### What the exercise asks
The records that follow must be printed exactly as they are.

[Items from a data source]

────

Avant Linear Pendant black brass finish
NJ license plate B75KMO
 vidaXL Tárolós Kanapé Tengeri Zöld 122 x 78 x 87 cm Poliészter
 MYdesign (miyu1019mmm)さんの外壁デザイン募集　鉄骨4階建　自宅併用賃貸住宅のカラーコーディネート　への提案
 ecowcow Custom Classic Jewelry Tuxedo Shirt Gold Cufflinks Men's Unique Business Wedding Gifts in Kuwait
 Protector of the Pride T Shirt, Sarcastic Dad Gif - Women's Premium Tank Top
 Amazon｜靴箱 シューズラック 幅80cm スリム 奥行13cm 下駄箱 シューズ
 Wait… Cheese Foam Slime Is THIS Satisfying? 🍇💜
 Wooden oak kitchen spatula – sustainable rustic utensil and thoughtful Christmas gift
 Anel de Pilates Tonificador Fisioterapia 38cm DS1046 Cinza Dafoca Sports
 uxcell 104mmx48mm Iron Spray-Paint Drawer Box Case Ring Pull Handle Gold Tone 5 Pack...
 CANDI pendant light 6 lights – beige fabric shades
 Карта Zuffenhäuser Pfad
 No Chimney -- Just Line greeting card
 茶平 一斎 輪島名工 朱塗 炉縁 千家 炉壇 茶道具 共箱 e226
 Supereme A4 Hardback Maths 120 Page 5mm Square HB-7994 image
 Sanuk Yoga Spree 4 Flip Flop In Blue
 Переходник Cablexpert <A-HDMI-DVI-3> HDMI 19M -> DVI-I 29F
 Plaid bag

────

### Completed exercise
Avant Linear Pendant black brass finish
NJ license plate B75KMO
 vidaXL Tárolós Kanapé Tengeri Zöld 122 x 78 x 87 cm Poliészter
 MYdesign (miyu1019mmm)さんの外壁デザイン募集　鉄骨4階建　自宅併用賃貸住宅のカラーコーディネート　への提案
 ecowcow Custom Classic Jewelry Tuxedo Shirt Gold Cufflinks Men's Unique Business Wedding Gifts in Kuwait
 Protector of the Pride T Shirt, Sarcastic Dad Gif - Women's Premium Tank Top
 Amazon｜靴箱 シューズラック 幅80cm スリム 奥行13cm 下駄箱 シューズ
 Wait… Cheese Foam Slime Is THIS Satisfying? 🍇💜
 Wooden oak kitchen spatula – sustainable rustic utensil and thoughtful Christmas gift
 Anel de Pilates Tonificador Fisioterapia 38cm DS1046 Cinza Dafoca Sports
 uxcell 104mmx48mm Iron Spray-Paint Drawer Box Case Ring Pull Handle Gold Tone 5 Pack...
 CANDI pendant light 6 lights – beige fabric shades
 Карта Zuffenhäuser Pfad
 No Chimney -- Just Line greeting card
 茶平 一斎 輪島名工 朱塗 炉縁 千家 炉壇 茶道具 共箱 e226
 Supereme A4 Hardback Maths 120 Page 5mm Square HB-7994 image
 Sanuk Yoga Spree 4 Flip Flop In Blue
 Переходник Cablexpert <A-HDMI-DVI-3> HDMI 19M -> DVI-I 29F
 Plaid bag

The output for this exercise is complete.